We used five standard metrics to evaluate model performance: Accuracy (ACC), Sensitivity (Se), Specificity (Sp), F1 Score, and Area Under the Curve (AUC). ACC represents the proportion of correctly classified pixels. Se measures the ability to identify vessel pixels (true positive rate), while Sp measures the ability to correctly identify background pixels (true negative rate). F1 Score balances precision and sensitivity, and AUC evaluates overall performance across different decision thresholds.

Experimental details

We evaluated model performance on three public datasets (CHASE, DRIVE, and STARE), comparing results with state-of-the-art methods. Ablation experiments were conducted to analyze each module’s contribution. The model was implemented in PyTorch and trained using the Adam optimizer with an initial learning rate of 0.0001. Detailed experimental environment and hyperparameter settings are listed in Table 1. We employed the ReduceLROnPlateau strategy to dynamically adjust the learning rate, reducing it to 10% when validation loss showed no improvement. Training was performed for 100 epochs with a batch size of 16 and cross-entropy loss function.

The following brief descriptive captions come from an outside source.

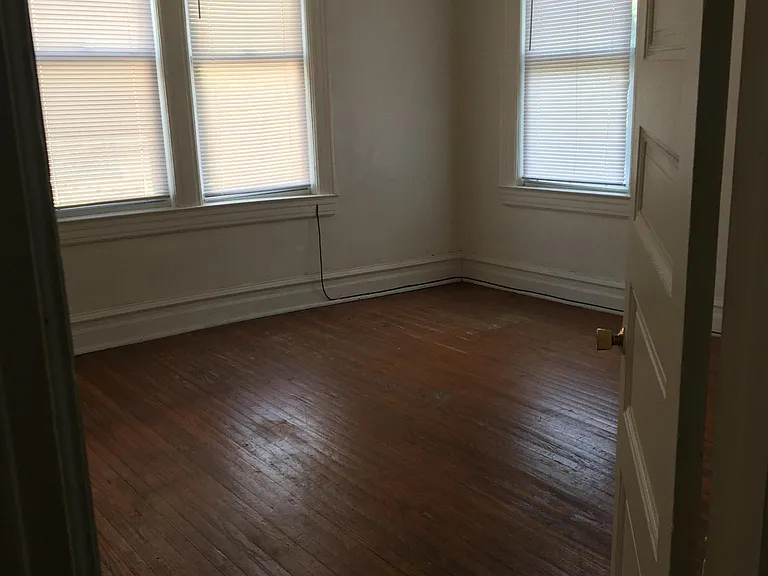 119 W Burke St — Photo 28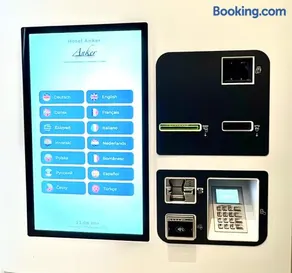 Anker Self-Check-In Hotel - Image 1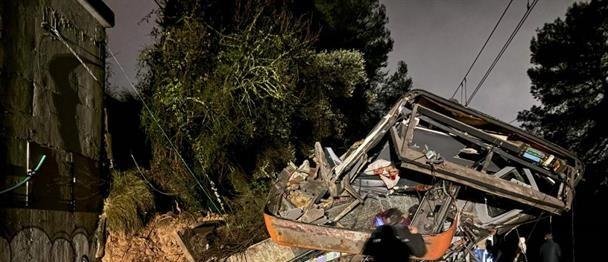 Muere el maquinista del tren accidentado esta noche en Barcelona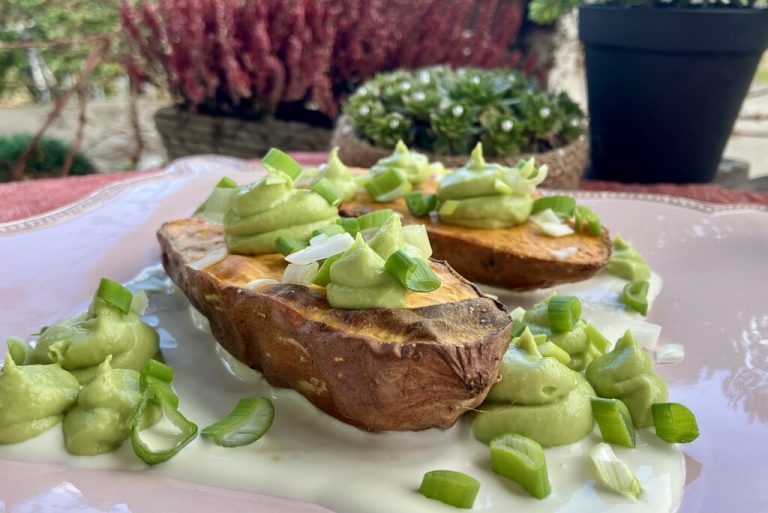 Gebackene Süßkartoffel mit cremiger Avocado: Ein leichtes, frisches Veggie-Gericht, das auch glücklich macht!⇒Ulrike Hagen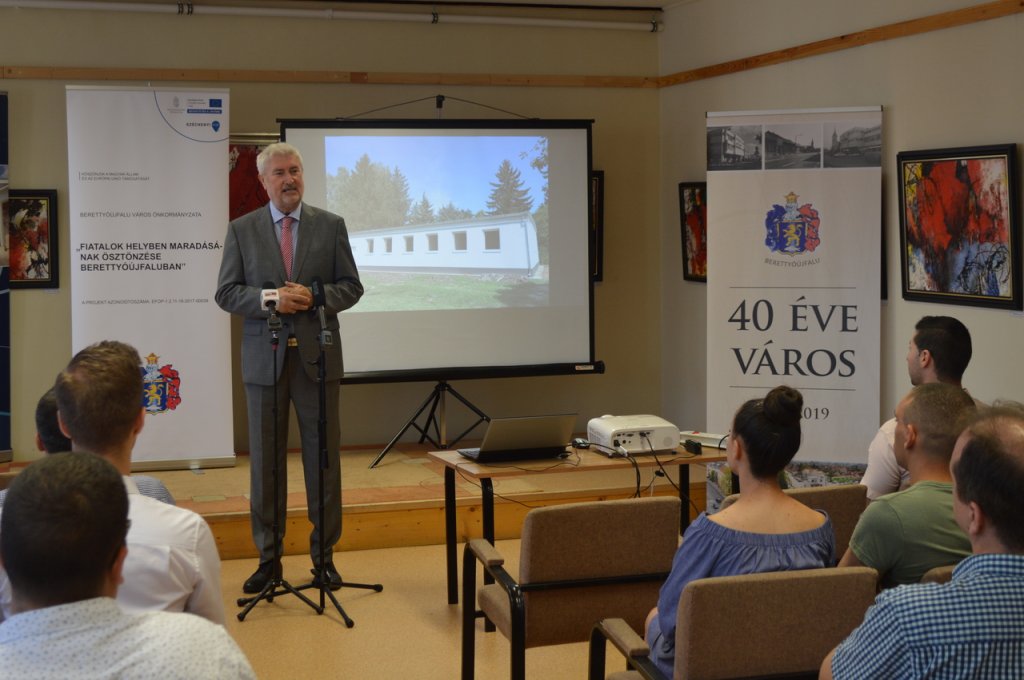 Fecskelakások átadása 01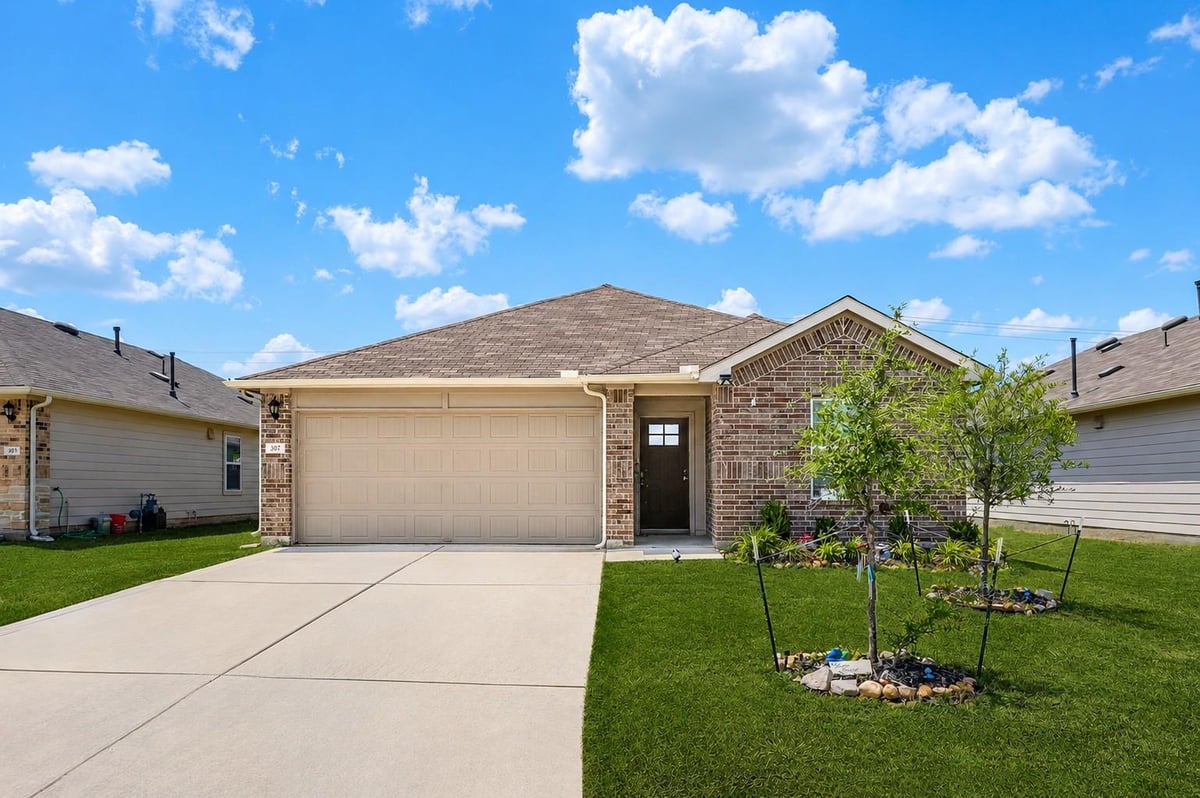 View 307 Abbey LN in Vintage Springs 307 Abbey LN - property photo 1 - Luxury home in Vintage Springs, Lockhart, TX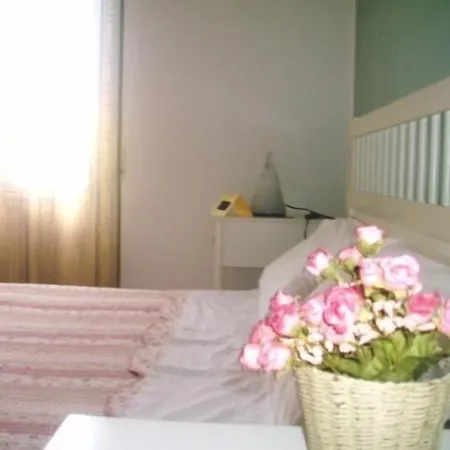 Bed And Roses-3
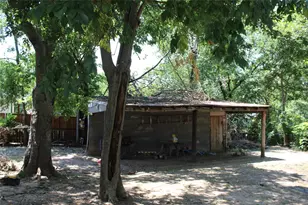 310 S Santa Fe St, Wolfe City, TX 75496 - Photo 3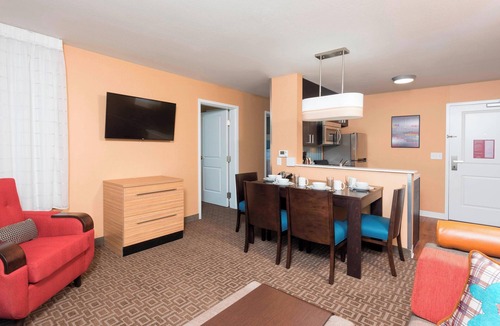 Ontario Hotel | TownePlace Suites by Marriott Mansfield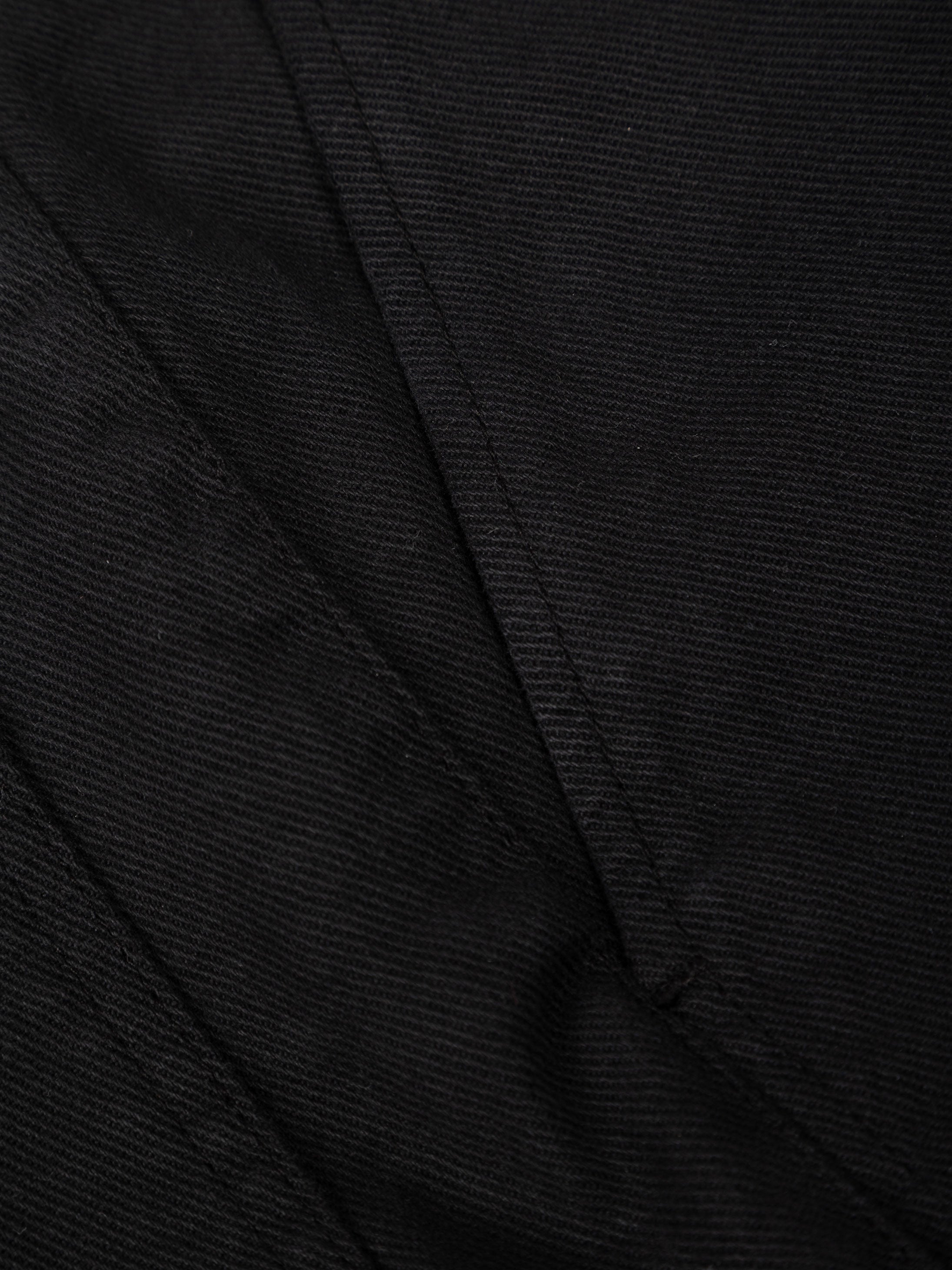 Women Yarrel Canvas Short in Black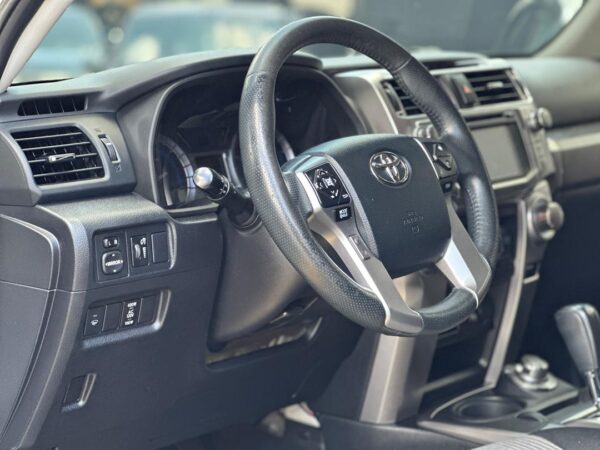 TOYOTA 4RUNNER SR5 2018 BLANCO - Imagen 8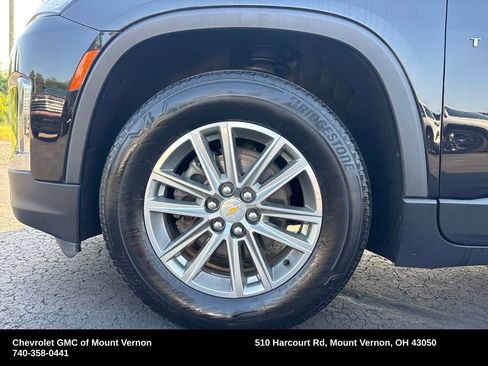Used 2023 Chevrolet Traverse LT w/ LPO, Floor Liner Package image 27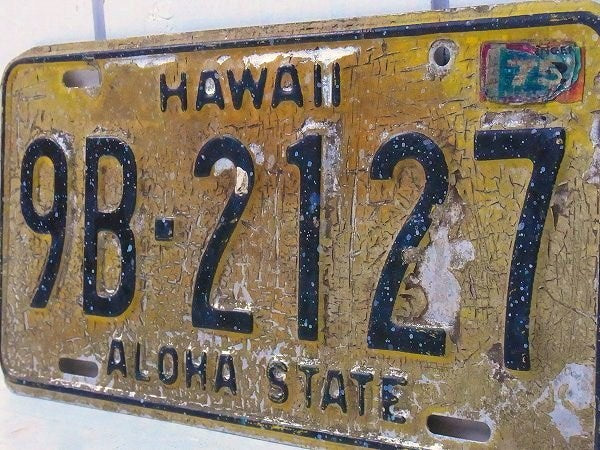 【HAWAII】ハワイ州・イエロー・ヴィンテージ・ナンバープレート/カーライセンスプレート USA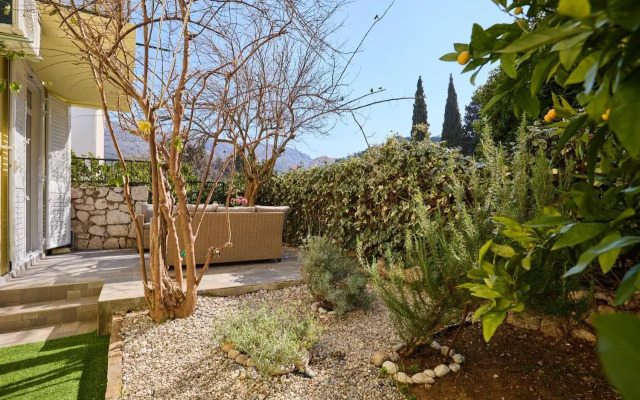 Tranquility gardens suite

Table 1 Experimental environment and hyperparameter settings.

Full size table

Comparisons with state of the art models

Table 2 presents a performance comparison of various algorithms on the CHASE_DB1 dataset, including classical methods such as U-Net, AttentionU-Net, LadderNet, and ResUNet++, as well as recent advanced models. As shown, EFDG-UNet outperforms the other models on the CHASE_DB1 dataset, achieving superior Acc, Sp, AUC, and F1 score.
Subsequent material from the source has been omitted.